Creating a Manager-Based Base Environment#
Environments bring together different aspects of the simulation such as
the scene, observations and actions spaces, reset events etc. to create a
coherent interface for various applications. In Isaac Lab, manager-based environments are
implemented as envs.ManagerBasedEnv
and envs.ManagerBasedRLEnv
classes.
The two classes are very similar, but envs.ManagerBasedRLEnv
is useful for
reinforcement learning tasks and contains rewards, terminations, curriculum
and command generation. The envs.ManagerBasedEnv
class is useful for
traditional robot control and doesn’t contain rewards and terminations.
In this tutorial, we will look at the base class envs.ManagerBasedEnv
and its
corresponding configuration class envs.ManagerBasedEnvCfg
for the manager-based workflow.
We will use the
cartpole environment from earlier to illustrate the different components
in creating a new envs.ManagerBasedEnv
environment.
The Code#
The tutorial corresponds to the create_cartpole_base_env
script in the source/standalone/tutorials/03_envs
directory.
Code for create_cartpole_base_env.py
1# Copyright (c) 2022-2024, The Isaac Lab Project Developers.
2# All rights reserved.
3#
4# SPDX-License-Identifier: BSD-3-Clause
5
6"""
7This script demonstrates how to create a simple environment with a cartpole.
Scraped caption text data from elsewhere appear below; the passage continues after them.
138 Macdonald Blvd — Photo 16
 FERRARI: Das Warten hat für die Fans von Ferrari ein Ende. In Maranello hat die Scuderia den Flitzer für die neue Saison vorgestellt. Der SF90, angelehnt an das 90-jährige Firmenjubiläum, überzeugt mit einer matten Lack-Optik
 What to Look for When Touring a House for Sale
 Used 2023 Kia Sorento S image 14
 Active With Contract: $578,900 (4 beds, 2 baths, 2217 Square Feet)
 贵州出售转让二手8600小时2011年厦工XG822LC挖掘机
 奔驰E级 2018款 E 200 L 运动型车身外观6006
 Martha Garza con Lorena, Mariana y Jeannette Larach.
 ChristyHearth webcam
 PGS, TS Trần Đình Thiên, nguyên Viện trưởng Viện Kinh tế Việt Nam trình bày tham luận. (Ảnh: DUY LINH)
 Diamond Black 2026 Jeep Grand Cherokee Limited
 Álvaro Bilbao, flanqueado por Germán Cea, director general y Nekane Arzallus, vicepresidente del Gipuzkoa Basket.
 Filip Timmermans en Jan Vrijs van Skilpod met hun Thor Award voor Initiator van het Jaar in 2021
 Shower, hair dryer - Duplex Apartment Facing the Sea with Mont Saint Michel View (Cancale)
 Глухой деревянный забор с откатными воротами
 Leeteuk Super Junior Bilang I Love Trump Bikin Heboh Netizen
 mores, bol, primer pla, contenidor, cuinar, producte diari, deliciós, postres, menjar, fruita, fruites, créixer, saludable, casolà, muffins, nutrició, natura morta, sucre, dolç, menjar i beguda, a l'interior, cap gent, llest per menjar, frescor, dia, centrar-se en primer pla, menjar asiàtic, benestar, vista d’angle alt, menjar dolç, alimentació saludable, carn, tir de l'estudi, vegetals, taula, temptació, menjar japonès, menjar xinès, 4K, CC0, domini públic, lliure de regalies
It combines the concepts of
8scene, action, observation and event managers to create an environment.
9"""
10
11"""Launch Isaac Sim Simulator first."""
12
13
14import argparse
15
16from omni.isaac.lab.app import AppLauncher
17
18# add argparse arguments
19parser = argparse.ArgumentParser(description="Tutorial on creating a cartpole base environment.")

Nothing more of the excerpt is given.